DITA also recognized the important truth that a small topic-specific DTD is easier to use and to validate than a big generic document-oriented DTD like DocBook. But the problem with topic based systems that use multiple DTDs is, how do you manage the relationship between the DTDs, and how do you add a new DTD without having to rewrite your whole tool chain?

DITA’s answer is twofold. First, it uses a simple mapping mechanism to create a new DTD as a “specialization” of an existing DTD. Second, it uses a trick based on the way XSLT works to enable a transform written for the base DTD to also work for the specialized DTD, and to allow you to write a transform for the specific properties of the new DTD that inherits transforms written for the old DTD without change.

DITA thus limits you in two ways. First, the relationship between new DTDs and existing DTDs can only be expressed by a very simple mapping mechanism. This limits how specific the new DTDs can be to the task you want them to perform. Second, it means that all your processing has to be done in XSLT. You can’t insert other tools into the DITA tool chain because the inheritance of processing rules will not work for other languages. Also, existing XSLT transforms cannot be incorporated into the DITA tool chain; they have to be specifically written for DITA.

As with DocBook, there is a publicly available DITA tool chain that you can use. There is also a base DITA topic DTD and a set of standard specializations that you can use. DITA also includes a collection of standard ways for mapping and linking topics. You can take as much or as little from the DITA tool kit as you want, but if you don’t take all of it, you may lose compatibility with other DITA systems or updates to the toolkit.

DITA documents are just XML documents, so you can use any editor you like, just as with DocBook. Just as with DocBook, there are commercial packages that advertise that they support DITA. So you can build your own DITA tool chain, use the available open source DITA tool chain, mix and match elements of a tool chain from different sources, or buy a commercial package (though I am not sure how complete or integrated these are yet).

Personally, I dislike DITA. It mapping mechanism is not only crude and underpowered, it is also a hack that misuses the DTD attribute mechanism of XML. Its lock-in to XSLT is also a problem. XSLT is a great tool but there are problems for which other tools are better solutions. (Since I don’t like it, I don’t use it, so I expect DITA fans will chime in here to defend its merits and challenge my statements about its weaknesses.)

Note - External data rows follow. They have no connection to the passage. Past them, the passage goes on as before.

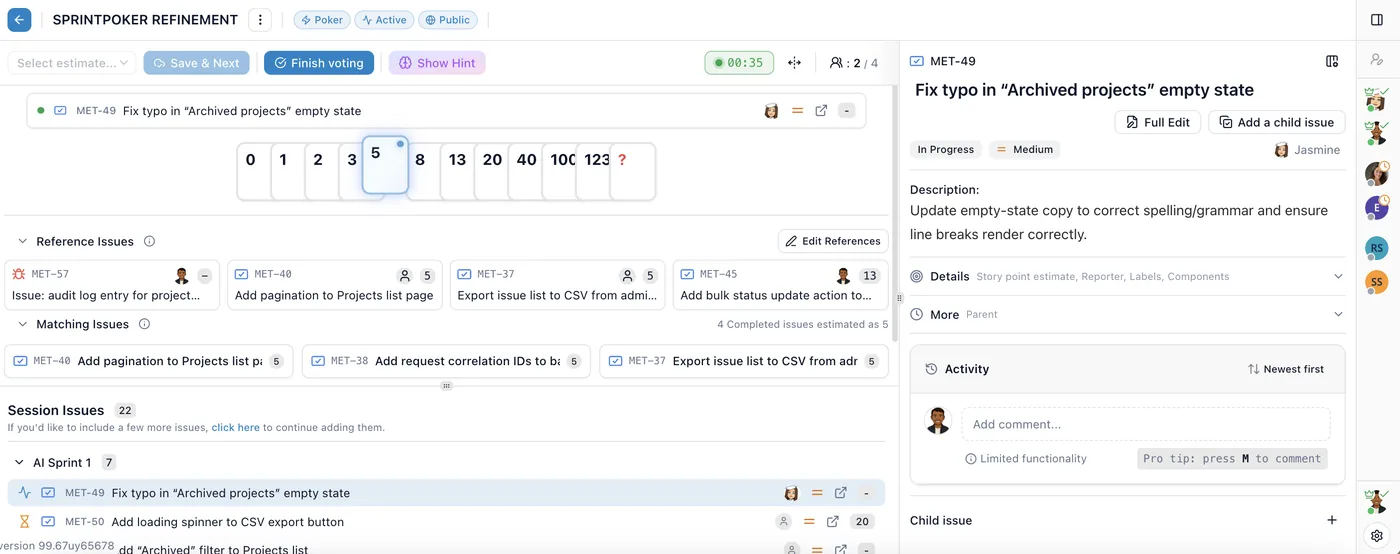 A Poker session: the toolbar with Save and Next, Finish voting, Show Hint and a timer; the issue being estimated above a row of estimation cards; Reference Issues and Matching Issues panels; the session’s issue list below; and the issue’s Jira details on the right.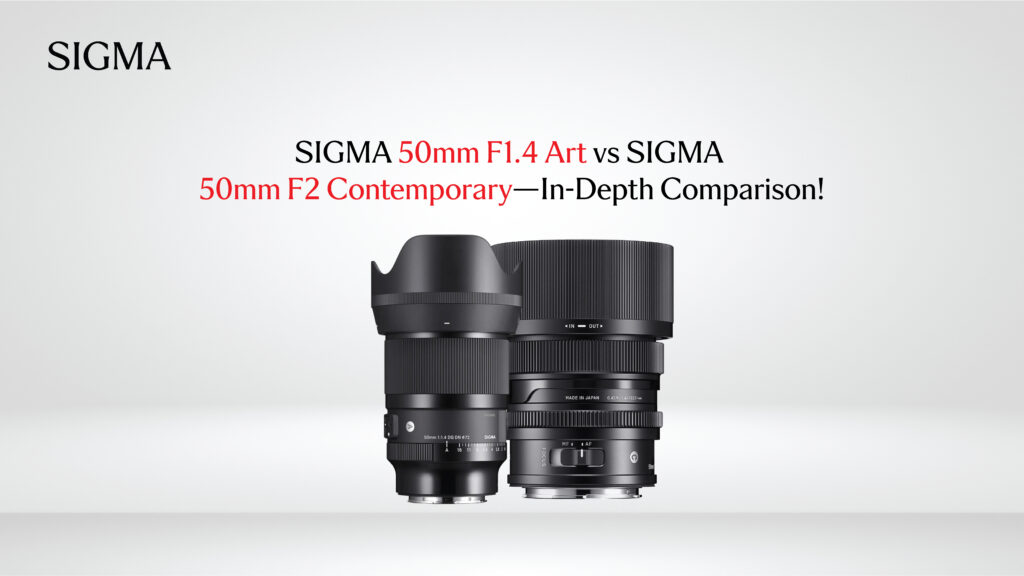 SIGMA 50mm F1.4 Art vs. SIGMA 50mm F2 Contemporary—In-Depth Comparison!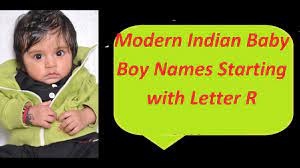 It is a unique one among lord vishnu names for baby boy, starting with r. Modern Indian Baby Boy Names Starting With Letter R Youtube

I prefer what I call a network approach. Like DITA, this approach tends to use small topic-oriented DTDs (though it is not limited to them). Where it differs is in the approach to reusing formatting code. The network approach breaks the processing down into separate steps for synthesis, presentation, formatting, and encoding. To add a new DTD for a specific topic or application, you only have to change the synthesis code to incorporate the new DTD. The presentation, formatting, and encoding code remains unchanged. Its strength is that there are no limits on how the synthesis, presentation, formatting, or encoding are done, and thus no limits on how you construct and relate your DTDs or which tools you use to do your transforms. However, there are currently no commercial or open source tool kits for this approach, so you are on your own for building the tool chain.”

I would add to this only that you cannot currently specialize DITA by
adding your own attributes. But attributes and metadata are one of the
most important advantages of XML-based publishing, and the inability to
add attributes that reflect your organization’s content requirements is
a showstopper for me and for most of our clients.